96In 2005 the Director of Public Prosecutions Act 1991 (SA) was amended to insert s 10A, subsection (a) of which is in substantially the same terms as s 15A of the DPP Act. Section 10A(3), however, expressly provides that the duty of disclosure under s 10A(1) "extends to material that would be exempt from production in court because it is protected by privilege or for any other reason". The amendment followed a long process of criminal-justice process reform explained in the second reading speech to the Statutes Amendment (Criminal Procedure) Act Bill which effected the amendment: South Australia House of Assembly, Parliamentary Debates (Hansard), 20 September 2005 (at 3465 ff). It is unnecessary to recount that history. In short, the amendment was effected independently of Doyle CJ's reasons in R v Solomon .

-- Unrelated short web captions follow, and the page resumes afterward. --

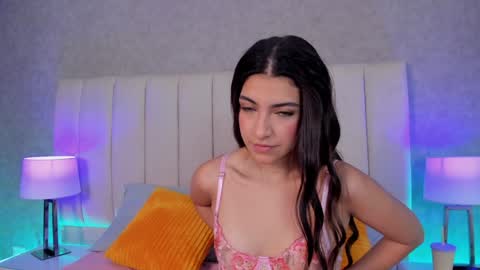  Victoria Lozano  online show from December 18, 12:40 pm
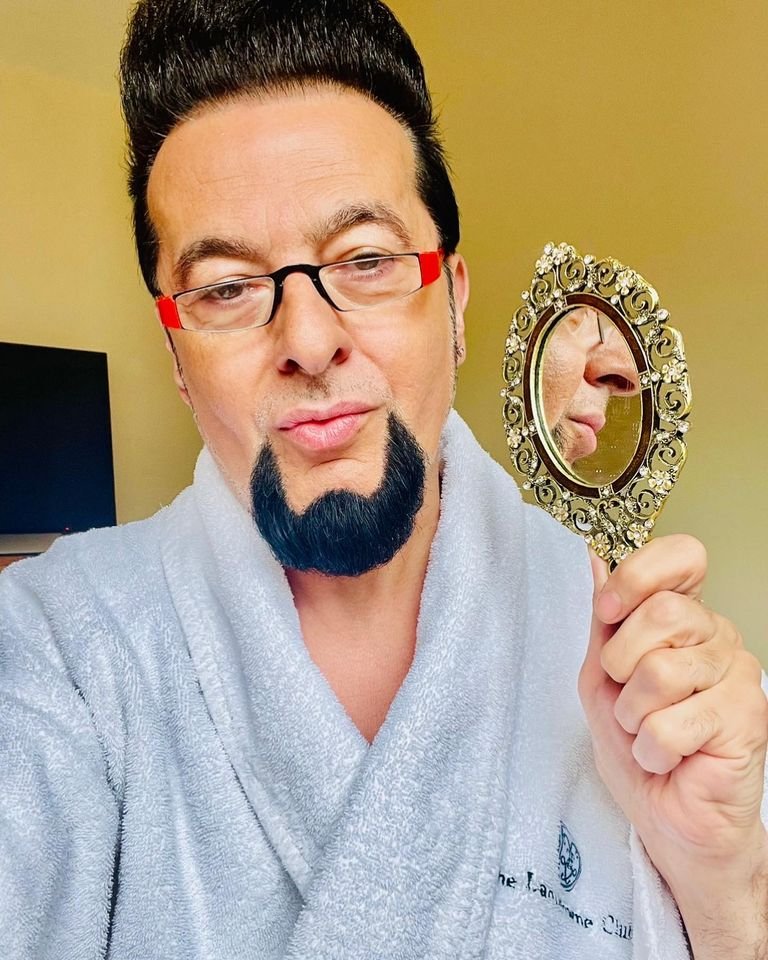 Евгени Минчев се похвали, че е успял да приспи ревящо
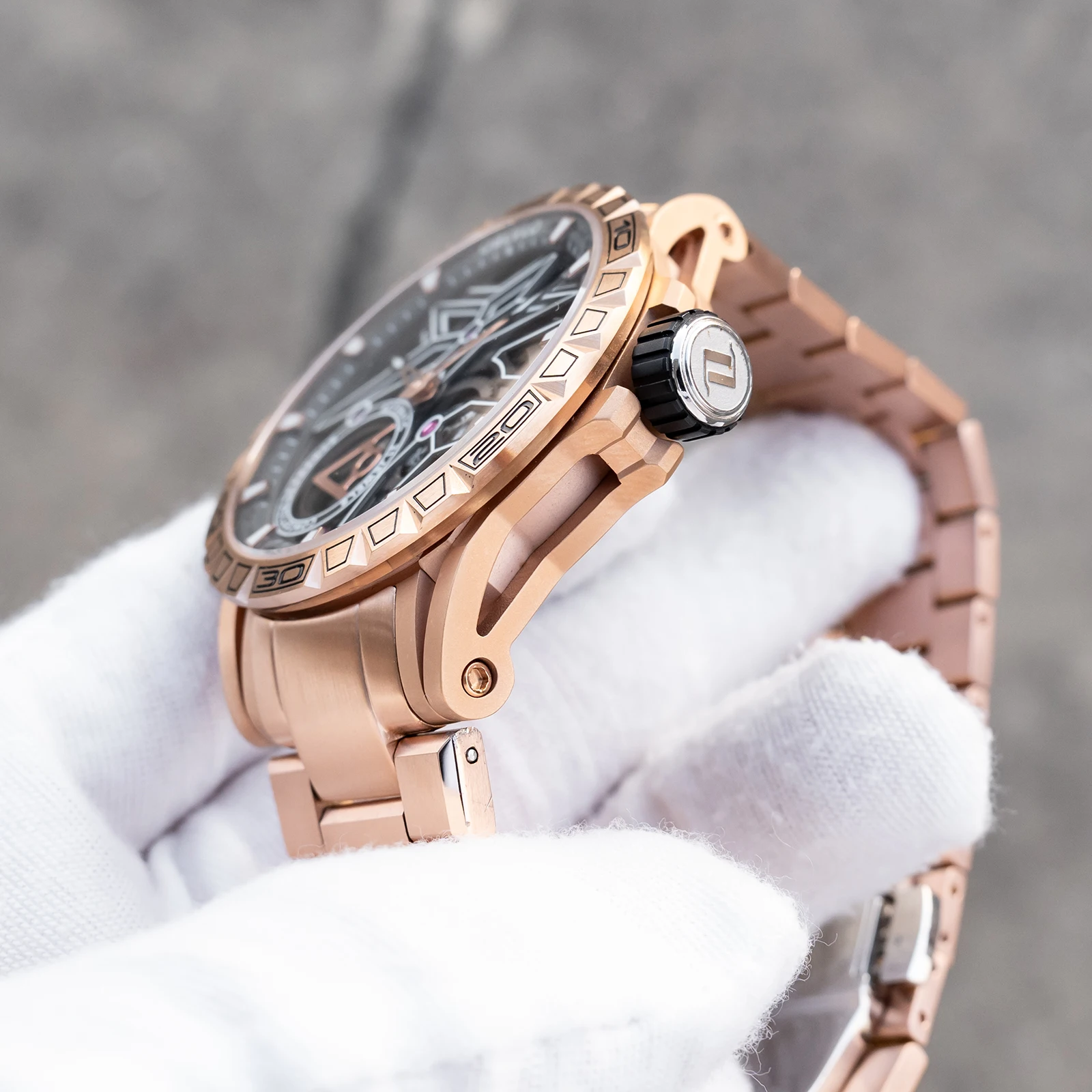 OBLVLO Мужские модные механические автоматические часы Cyber Planet Wheel Design Розовое золото Черный циферблат Светящиеся водонепроницаемые военные часы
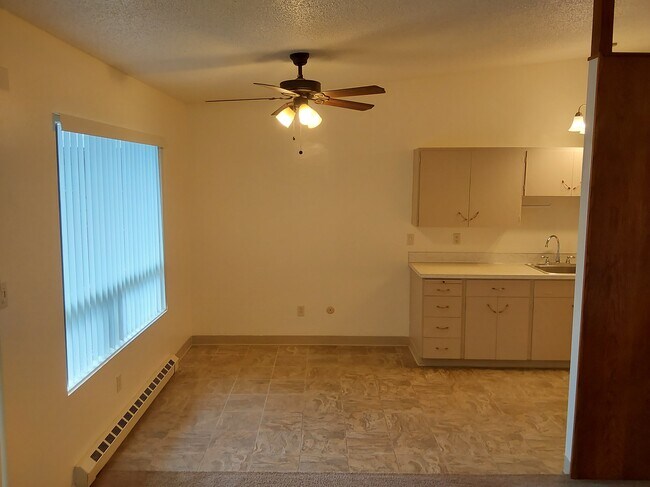 Building Photo - Shorewood Terrace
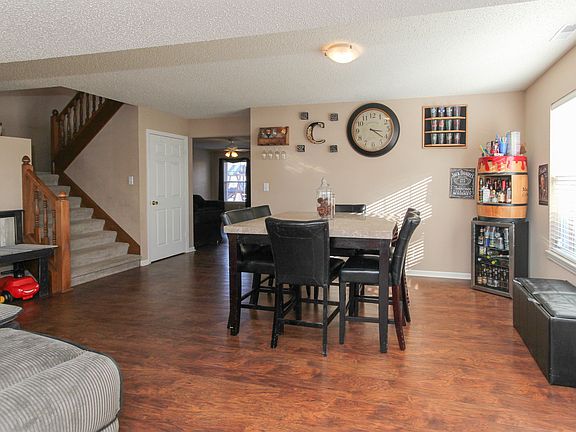 5th image of 5907 Jamestown Square Ln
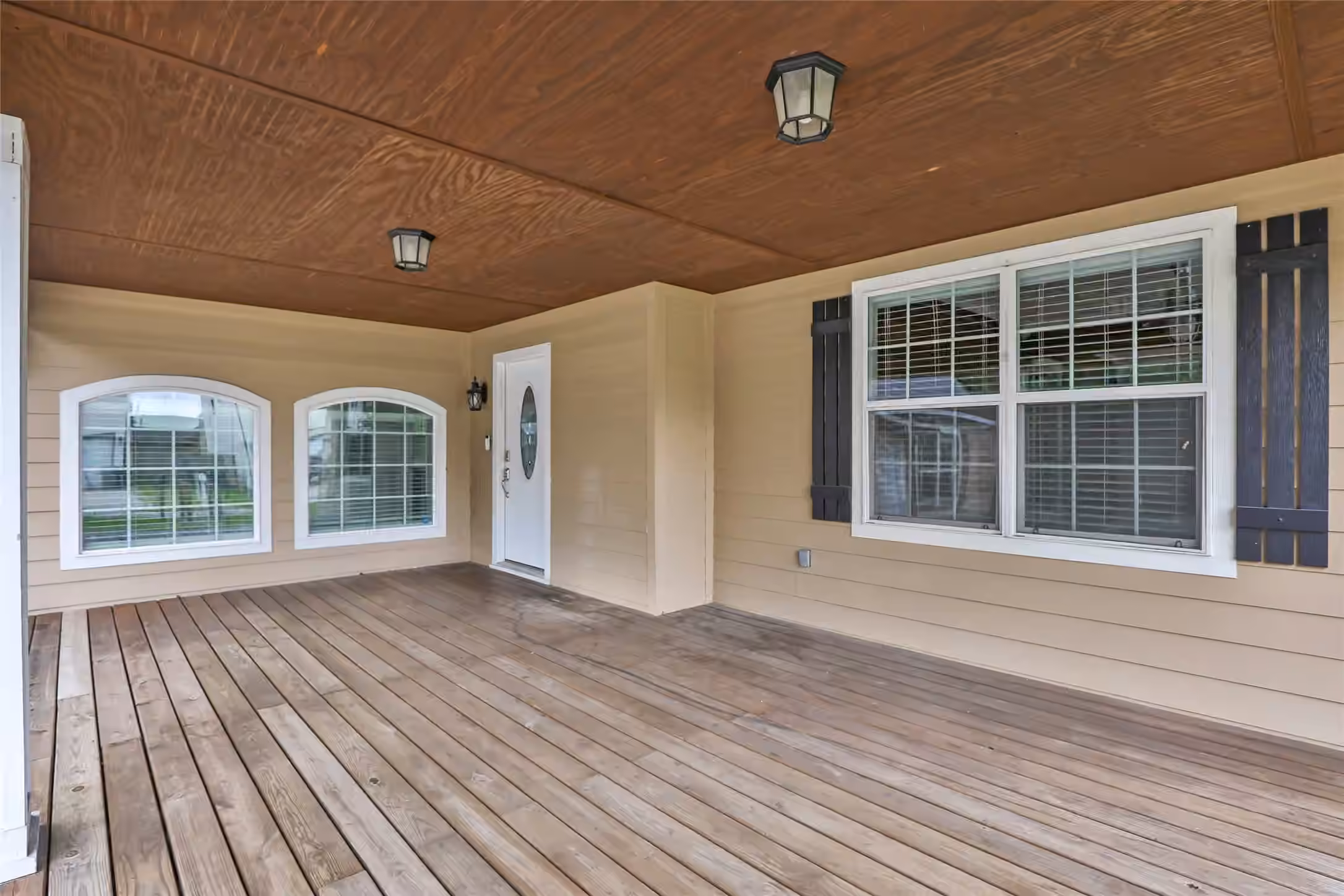 Photo 4 of 202 E Kay Street, Dayton, TX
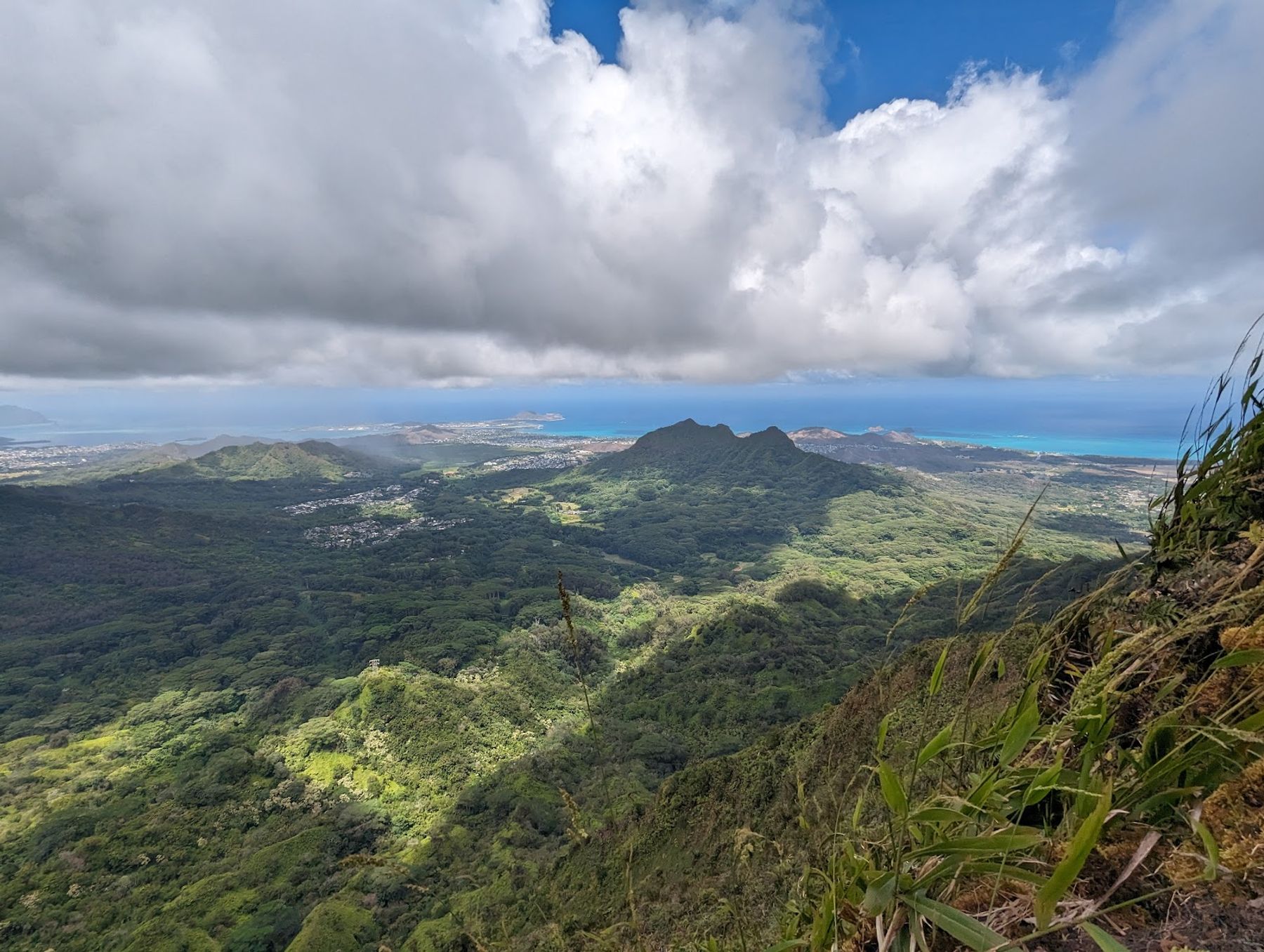 Photo 2 of Kaʻau Crater Trail in Kaimukī & Pālolo, Oahu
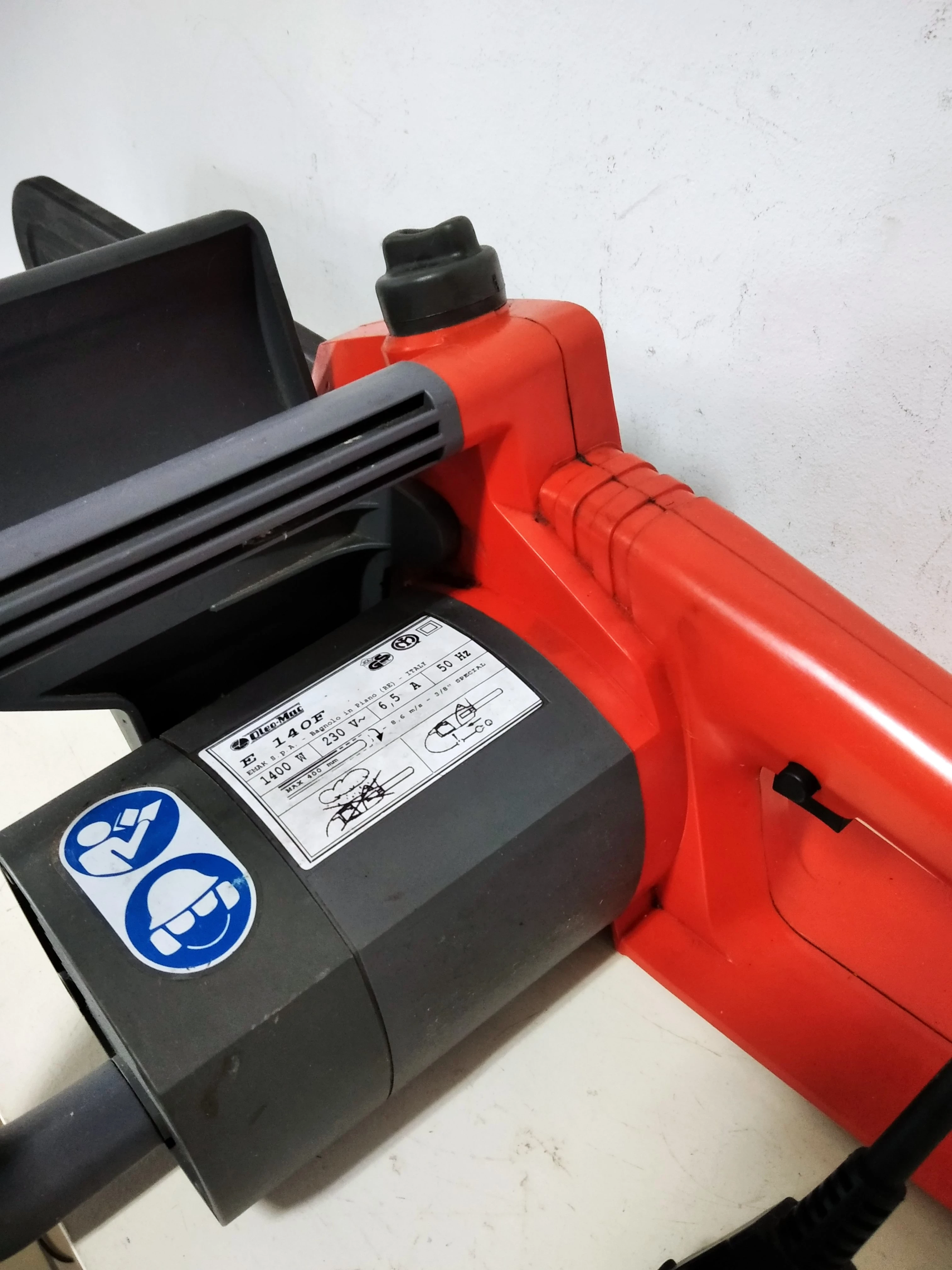 pila-lancuchowa-elektryczna-oleo-mac-e140f-1400w-marka-oleo-mac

97The practice Doyle CJ recommended in R v Solomon appears to have been adopted in South Australia: see R v Andrews [2010] SASCFC 5; (2010) 107 SASR 471 per Gray J (with whom Vanstone J agreed). In that case, Gray J referred with approval (at [19]), inter alia, to R v Reardon (No 2) , R v Spiteri and Easterday v R as explaining the ambit of the prosecutor's duty of disclosure at common law. His Honour discussed the South Australian practice as follows:

"[21] Where a claim of public interest immunity is asserted in relation to evidential material in the possession of the prosecution which falls prima facie to be disclosed, it is, the court was informed, the practice in this State for the Director of Public Prosecutions and not the police to determine whether such claim should be asserted. Upon the Director determining it to be appropriate to assert a claim of public interest immunity, it remains the duty of the court, not the privilege of the Executive, to determine whether evidential material should be produced or may be withheld in the public interest.
[22] Where the Director does claim public interest immunity in relation to evidential material which would otherwise fall to be disclosed as a consequence of the prosecutor's duty, the court was informed that the practice in this State is for the Director to advise the defence of the existence of the material and its general nature without compromising confidentiality, and of the asserted right to withhold the material. If issue is taken, the matter may be the subject of determination by a court upon the return of a subpoena or other application.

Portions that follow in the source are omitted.